# [REQUIRED ACTION]
Below are records with pictures; copy word for word only the lines between the line with "Download Lagu Bila" and the line with "The anti-Christ is on the way - Paperback", inclusive, and drop the pictures.

*** DATA ***

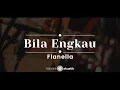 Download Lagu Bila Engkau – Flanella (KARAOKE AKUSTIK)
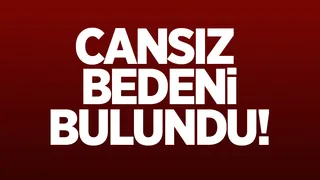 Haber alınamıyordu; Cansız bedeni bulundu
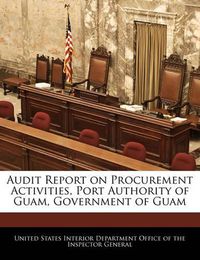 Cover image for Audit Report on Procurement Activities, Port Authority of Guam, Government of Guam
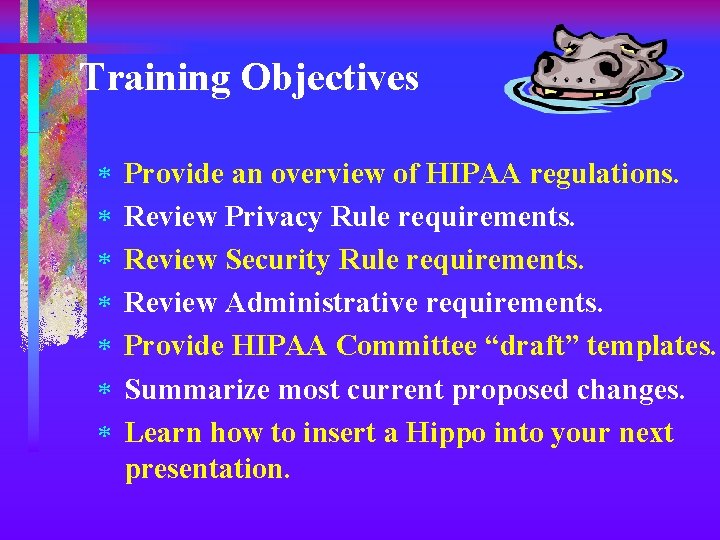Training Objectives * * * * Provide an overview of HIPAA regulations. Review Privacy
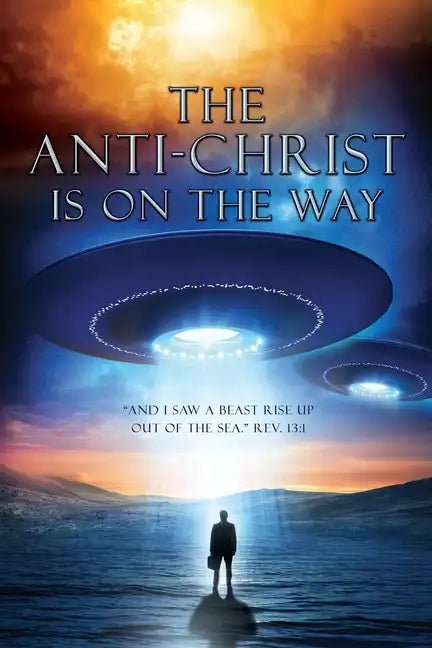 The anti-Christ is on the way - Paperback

*** End of DATA ***
*** DATA ***

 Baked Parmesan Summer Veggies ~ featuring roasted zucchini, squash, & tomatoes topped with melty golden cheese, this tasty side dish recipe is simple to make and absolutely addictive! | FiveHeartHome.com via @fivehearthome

*** End of DATA ***
*** DATA ***

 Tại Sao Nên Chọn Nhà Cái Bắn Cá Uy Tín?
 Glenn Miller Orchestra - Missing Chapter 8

*** End of DATA ***

# [RESULT BELOW]
 Download Lagu Bila Engkau – Flanella (KARAOKE AKUSTIK)
 Haber alınamıyordu; Cansız bedeni bulundu
 Cover image for Audit Report on Procurement Activities, Port Authority of Guam, Government of Guam
Training Objectives * * * * Provide an overview of HIPAA regulations. Review Privacy
 The anti-Christ is on the way - Paperback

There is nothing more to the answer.